**Given information**.
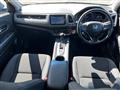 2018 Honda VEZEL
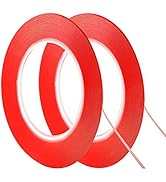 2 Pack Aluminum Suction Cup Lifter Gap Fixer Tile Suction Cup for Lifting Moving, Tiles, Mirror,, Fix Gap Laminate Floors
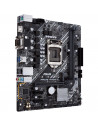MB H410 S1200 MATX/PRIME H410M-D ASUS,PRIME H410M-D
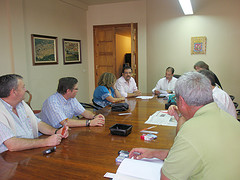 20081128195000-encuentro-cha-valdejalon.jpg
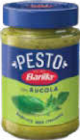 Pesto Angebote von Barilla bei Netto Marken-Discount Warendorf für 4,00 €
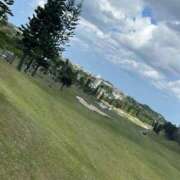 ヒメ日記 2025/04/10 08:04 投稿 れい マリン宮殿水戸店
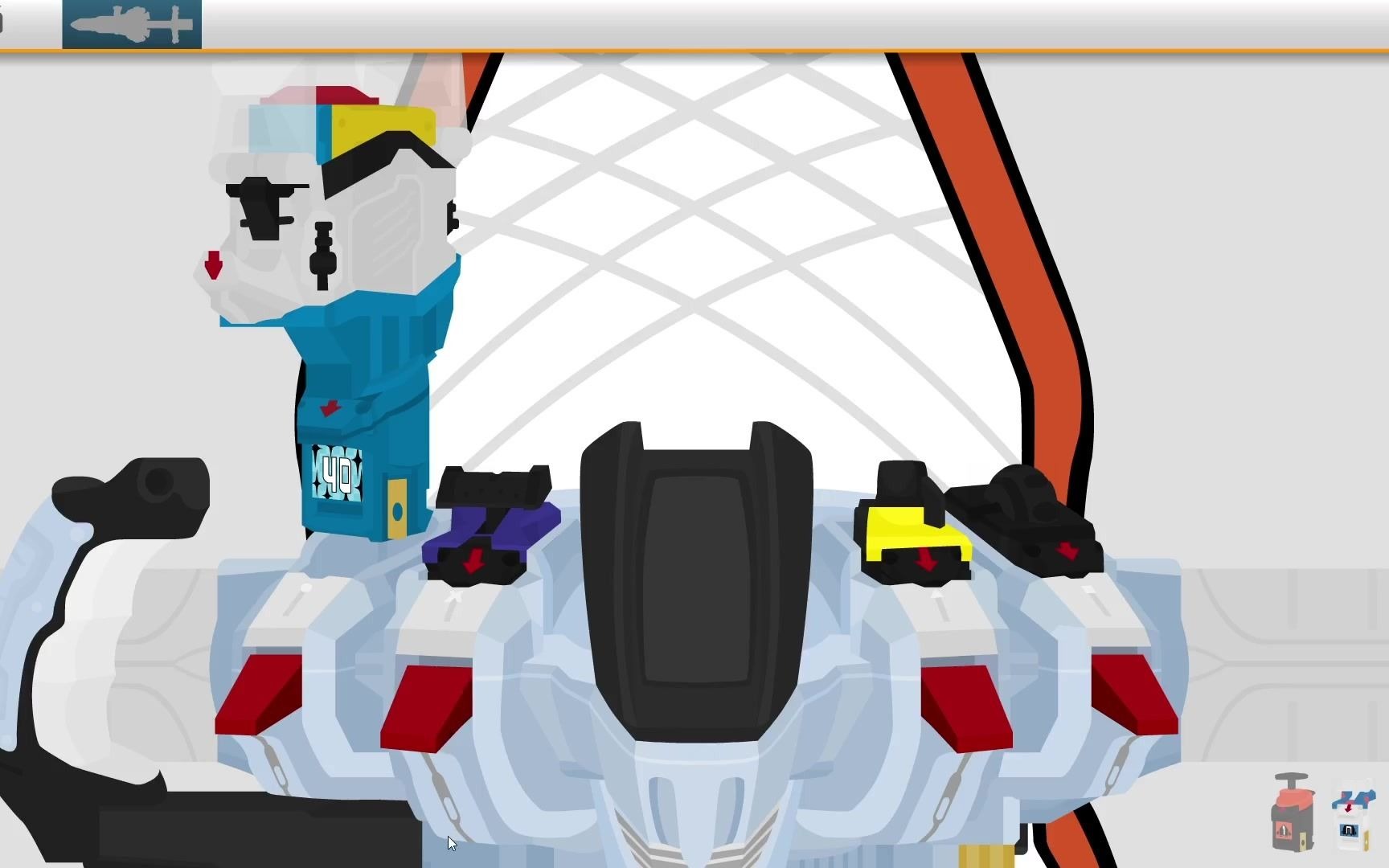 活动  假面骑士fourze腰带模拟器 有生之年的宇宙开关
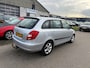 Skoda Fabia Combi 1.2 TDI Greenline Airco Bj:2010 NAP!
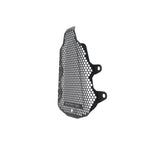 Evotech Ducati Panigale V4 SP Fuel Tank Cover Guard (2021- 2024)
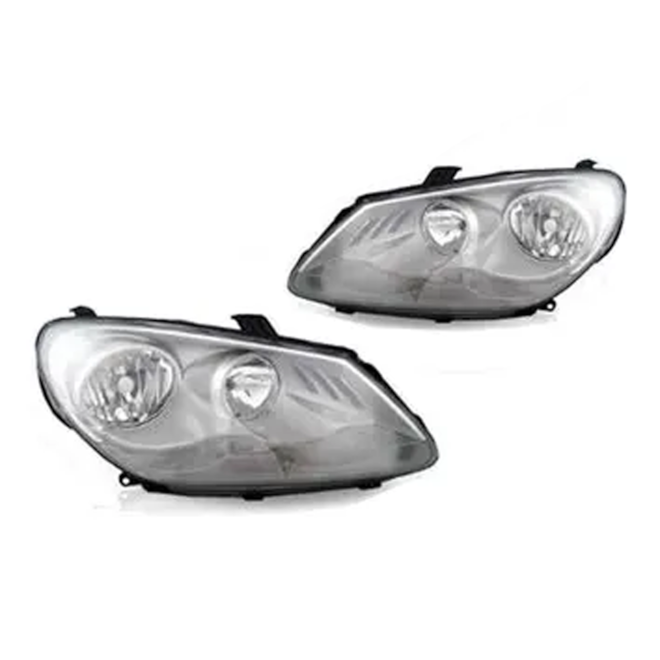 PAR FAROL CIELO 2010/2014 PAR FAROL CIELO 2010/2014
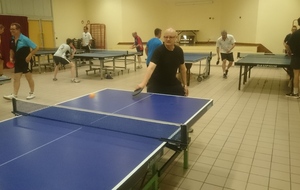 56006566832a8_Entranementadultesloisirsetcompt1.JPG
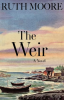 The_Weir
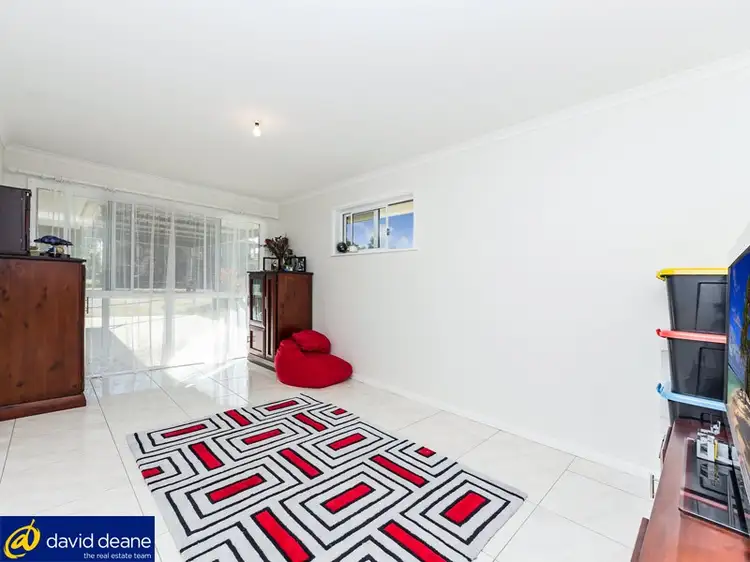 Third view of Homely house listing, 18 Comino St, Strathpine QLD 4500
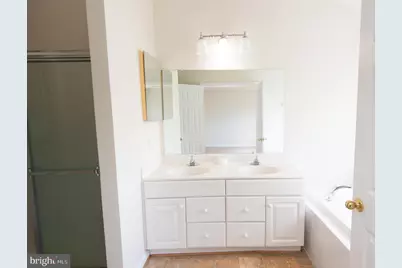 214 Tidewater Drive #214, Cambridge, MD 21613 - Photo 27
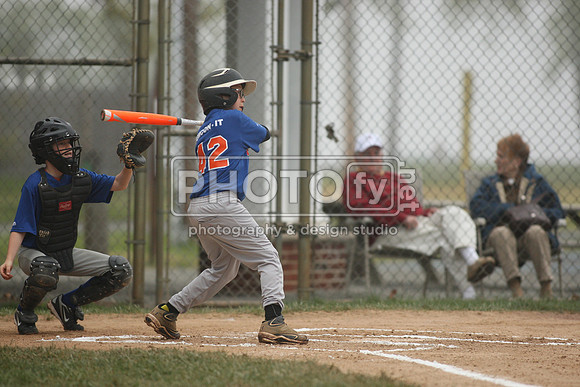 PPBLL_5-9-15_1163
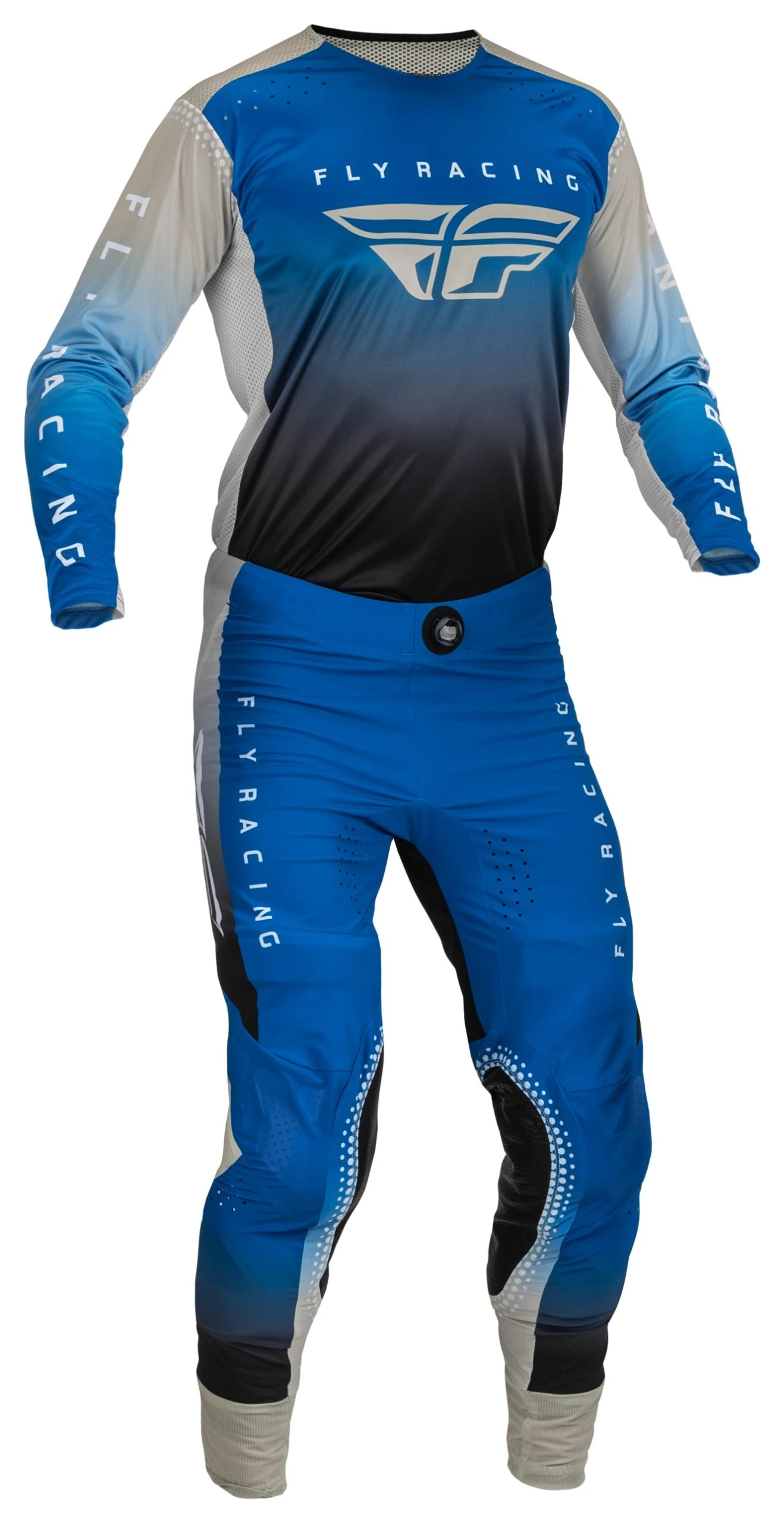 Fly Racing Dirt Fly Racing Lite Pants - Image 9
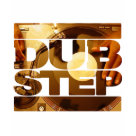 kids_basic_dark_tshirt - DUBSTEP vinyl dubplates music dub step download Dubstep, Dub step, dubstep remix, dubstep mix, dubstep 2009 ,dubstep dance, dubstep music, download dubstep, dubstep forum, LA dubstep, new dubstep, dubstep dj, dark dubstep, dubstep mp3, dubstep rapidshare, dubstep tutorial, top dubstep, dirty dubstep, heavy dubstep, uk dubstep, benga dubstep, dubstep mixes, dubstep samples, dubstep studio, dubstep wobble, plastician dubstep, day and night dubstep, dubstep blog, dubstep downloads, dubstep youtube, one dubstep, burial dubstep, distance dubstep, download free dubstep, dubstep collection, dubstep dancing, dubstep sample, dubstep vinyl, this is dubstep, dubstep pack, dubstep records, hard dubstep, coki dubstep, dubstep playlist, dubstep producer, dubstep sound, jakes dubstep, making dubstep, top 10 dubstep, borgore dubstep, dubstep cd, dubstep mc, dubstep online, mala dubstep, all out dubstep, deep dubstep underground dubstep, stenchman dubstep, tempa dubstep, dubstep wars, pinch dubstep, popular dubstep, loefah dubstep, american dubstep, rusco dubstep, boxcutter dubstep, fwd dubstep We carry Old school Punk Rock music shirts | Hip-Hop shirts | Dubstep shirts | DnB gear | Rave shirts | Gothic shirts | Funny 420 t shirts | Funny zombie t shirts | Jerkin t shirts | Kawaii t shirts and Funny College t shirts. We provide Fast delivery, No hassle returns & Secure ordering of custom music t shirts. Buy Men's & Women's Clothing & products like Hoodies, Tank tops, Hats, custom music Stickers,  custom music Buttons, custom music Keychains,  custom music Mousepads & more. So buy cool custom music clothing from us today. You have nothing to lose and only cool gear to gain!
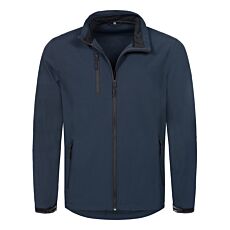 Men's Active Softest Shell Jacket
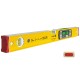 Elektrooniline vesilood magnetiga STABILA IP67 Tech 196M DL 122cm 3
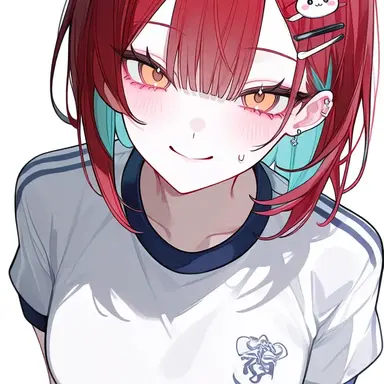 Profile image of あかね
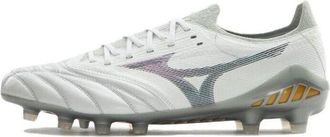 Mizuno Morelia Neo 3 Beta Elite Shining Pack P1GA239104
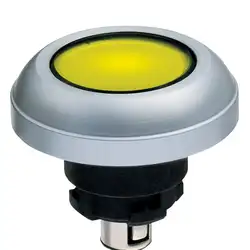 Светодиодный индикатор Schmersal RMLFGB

**Problem to solve**. Please quote the records above exactly, beginning at the line that contains "Elektrooniline vesilood magnetiga" and ending at their last line. Leave the pictures out.

**Response to the exercise**.
 Elektrooniline vesilood magnetiga STABILA IP67 Tech 196M DL 122cm 3
 Profile image of あかね
 Mizuno Morelia Neo 3 Beta Elite Shining Pack P1GA239104
 Светодиодный индикатор Schmersal RMLFGB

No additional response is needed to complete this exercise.